Ohio Department of Agriculture Fact Sheet:
Concentrated Animal Feeding Facility size changed from animal unit definition to small, medium, large and major
As it relates to agriculture, the term animal unit was first used in 1976 as part of the federal rules and regulations requiring states to participate in the National Pollutant Discharge Elimination System (NPDES) program. One animal unit was set to equal a 1,000-pound feeder steer. To calculate the number of animal units for other livestock species, multipliers were used. For example, the multiplier factor for ducks was 5 (5,000 animal units); mature dairy cows, 0.7 (700 animal units); swine weighing more than 55 pounds, 2.5 (2,500 animal units); laying hens, 100 (100,000 animal units), and turkeys, 55 (55,000 animal units).
Ohio S.B. 141 required the Concentrated Animal Feeding Facility (CAFF) Advisory Committee to conduct an examination of the scientific appropriateness of the definition of animal unit and prepare and submit their findings and any recommendations for legislative changes to the definition to the General Assembly, the governor, and the directors of the state Departments of Agriculture, Environmental Protection, and Natural Resources – which has been completed.
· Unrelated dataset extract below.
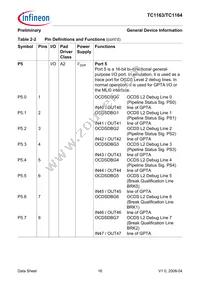 SAF-TC1164-128F80HL AB Datasheet Page 20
S.B. 141 required farms with more than 1,000 animal units to have a state Permit to Install (PTI) and Permit to Operate (PTO).
Livestock farming today is drastically different than when the animal unit measurement was first created more than 25 years ago. In 1976, most concentrated livestock farming was in large, out-door pens. Now most species are housed in enclosed facilities with manure and rainwater storage facilities. The original definition of animal units also wasn’t based on the science of manure production; i.e., five ducks don’t produce as much manure as a 1,000-pound steer.
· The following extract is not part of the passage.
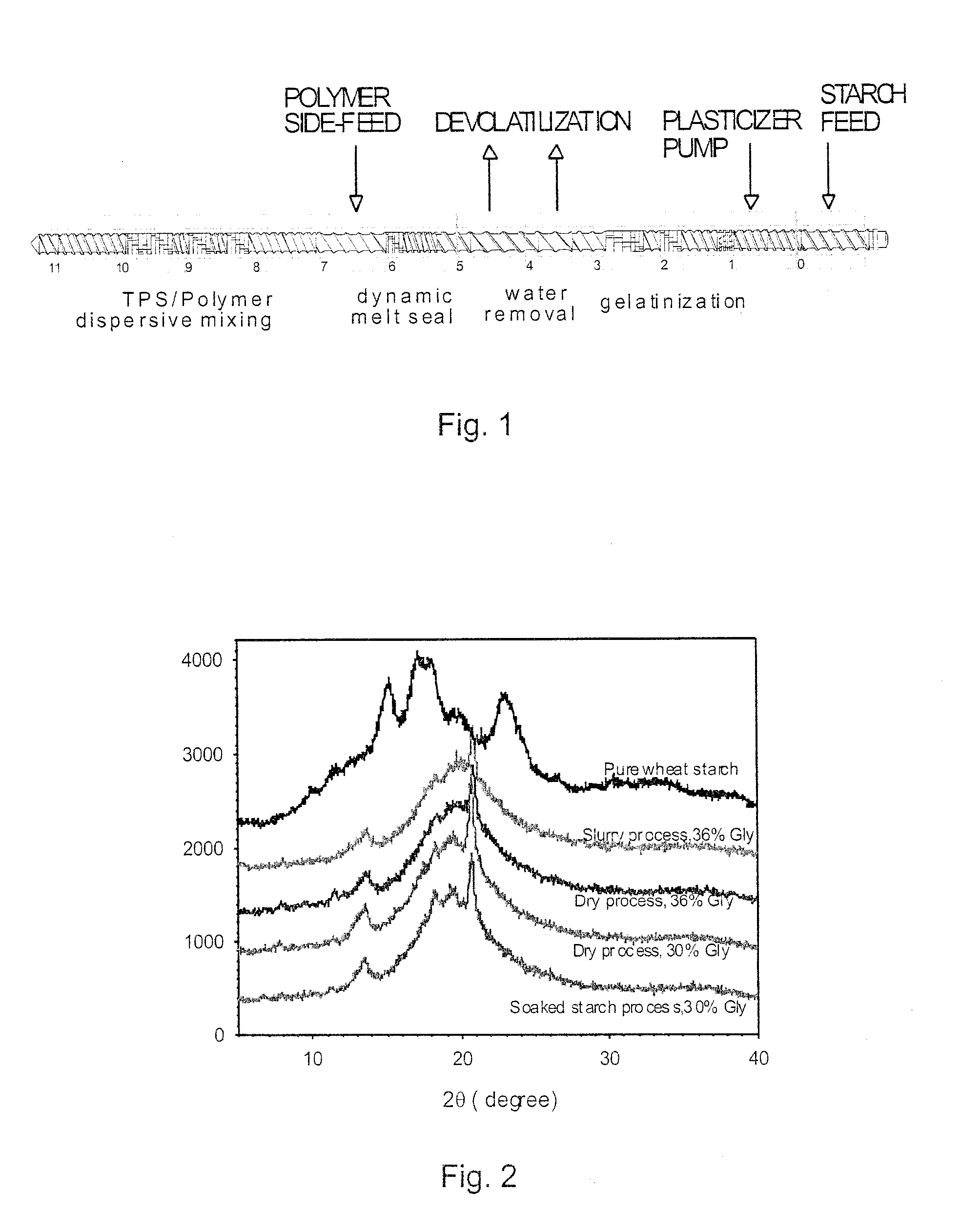 Process of Producing Thermoplastic Starch/Polymer Blends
Adopting the categories changed by new U.S. Environmental Protection Agency rules that account for the larger size variations in livestock farming today, the CAFF Advisory Committee changed the animal unit measurements to small, medium, large and major.
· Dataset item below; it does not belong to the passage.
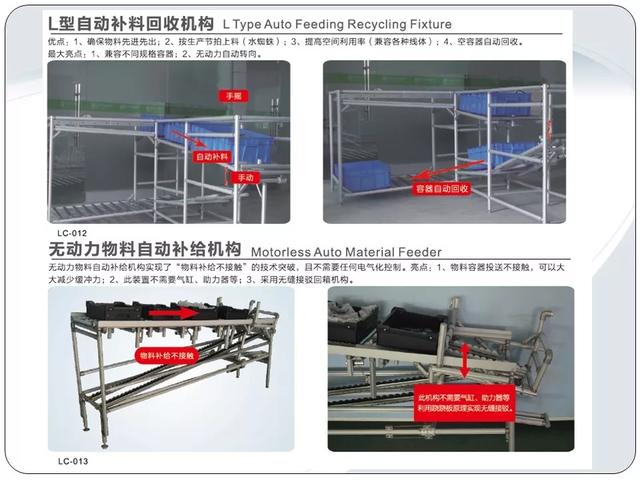 「標桿學習」低成本自動化的開展與案例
Large concentrated animal feeding operations are required to obtain a PTI/PTO if they stable or confine at least the number of animals specified in any of the following categories:
• 700 Mature dairy cows (whether milked or dry)
• 1,000 Veal calves
• 1,000 Cattle, other than mature dairy cattle or veal calves
• 2,500 Swine (each weighing 55 pounds or more)
• 500 Horses
• 10,000 Sheep or lambs
• 55,000 Turkeys
• 30,000 Laying hens or broilers (using a liquid manure handling system)
• 82,000 Laying hens (using a non-liquid manure handling system)
• 125,000 Chickens other than laying hens (using a non-liquid manure handling system)
• 5,000 Ducks (using a liquid manure handling system)
• 30,000 Ducks (using a non-liquid manure handling system)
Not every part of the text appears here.